ASSIGNMENT: Pick out the lines below that contain the string "like" and copy them all.

[Brief descriptive captions]
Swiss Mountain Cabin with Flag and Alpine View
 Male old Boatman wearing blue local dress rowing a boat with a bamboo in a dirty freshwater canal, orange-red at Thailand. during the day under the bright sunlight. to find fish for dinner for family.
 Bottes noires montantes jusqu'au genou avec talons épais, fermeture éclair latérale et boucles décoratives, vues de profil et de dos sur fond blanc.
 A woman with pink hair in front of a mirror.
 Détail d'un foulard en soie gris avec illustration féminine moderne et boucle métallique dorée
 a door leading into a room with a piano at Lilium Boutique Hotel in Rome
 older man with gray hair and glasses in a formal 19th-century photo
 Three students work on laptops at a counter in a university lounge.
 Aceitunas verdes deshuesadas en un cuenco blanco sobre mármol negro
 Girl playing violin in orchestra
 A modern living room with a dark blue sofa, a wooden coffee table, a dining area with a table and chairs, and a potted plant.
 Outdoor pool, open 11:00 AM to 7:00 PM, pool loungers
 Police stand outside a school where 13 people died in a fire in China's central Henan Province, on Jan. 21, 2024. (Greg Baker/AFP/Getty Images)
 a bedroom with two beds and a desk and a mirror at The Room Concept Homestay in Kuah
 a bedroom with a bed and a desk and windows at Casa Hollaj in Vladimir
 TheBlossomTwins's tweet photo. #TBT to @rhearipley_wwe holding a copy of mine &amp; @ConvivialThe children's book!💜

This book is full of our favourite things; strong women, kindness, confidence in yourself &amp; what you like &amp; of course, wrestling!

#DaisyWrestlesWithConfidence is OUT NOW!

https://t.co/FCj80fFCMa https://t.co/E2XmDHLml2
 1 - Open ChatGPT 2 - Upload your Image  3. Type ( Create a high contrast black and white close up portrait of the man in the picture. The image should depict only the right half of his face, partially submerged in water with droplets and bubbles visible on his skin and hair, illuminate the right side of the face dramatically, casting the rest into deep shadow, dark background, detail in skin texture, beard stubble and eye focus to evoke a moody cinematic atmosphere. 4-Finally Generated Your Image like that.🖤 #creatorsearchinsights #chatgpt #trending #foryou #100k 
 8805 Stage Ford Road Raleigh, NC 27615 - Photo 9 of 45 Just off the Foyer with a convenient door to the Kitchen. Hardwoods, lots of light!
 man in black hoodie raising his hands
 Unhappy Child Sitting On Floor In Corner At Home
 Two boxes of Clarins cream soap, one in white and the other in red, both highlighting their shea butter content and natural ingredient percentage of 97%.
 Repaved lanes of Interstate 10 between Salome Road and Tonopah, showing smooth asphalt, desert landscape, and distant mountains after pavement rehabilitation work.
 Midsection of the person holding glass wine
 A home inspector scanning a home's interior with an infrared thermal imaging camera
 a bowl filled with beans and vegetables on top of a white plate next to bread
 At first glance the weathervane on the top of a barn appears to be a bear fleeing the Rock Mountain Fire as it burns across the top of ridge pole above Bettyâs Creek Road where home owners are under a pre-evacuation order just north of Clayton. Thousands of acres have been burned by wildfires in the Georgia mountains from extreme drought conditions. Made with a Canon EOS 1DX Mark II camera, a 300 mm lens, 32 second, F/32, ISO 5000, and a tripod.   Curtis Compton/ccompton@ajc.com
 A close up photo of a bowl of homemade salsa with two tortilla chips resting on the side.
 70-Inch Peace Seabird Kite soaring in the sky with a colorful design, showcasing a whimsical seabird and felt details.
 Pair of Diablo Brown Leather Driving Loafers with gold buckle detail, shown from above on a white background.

SOLUTION FOR THIS PROBLEM:
This book is full of our favourite things; strong women, kindness, confidence in yourself &amp; what you like &amp; of course, wrestling!
 1 - Open ChatGPT 2 - Upload your Image  3. Type ( Create a high contrast black and white close up portrait of the man in the picture. The image should depict only the right half of his face, partially submerged in water with droplets and bubbles visible on his skin and hair, illuminate the right side of the face dramatically, casting the rest into deep shadow, dark background, detail in skin texture, beard stubble and eye focus to evoke a moody cinematic atmosphere. 4-Finally Generated Your Image like that.🖤 #creatorsearchinsights #chatgpt #trending #foryou #100k 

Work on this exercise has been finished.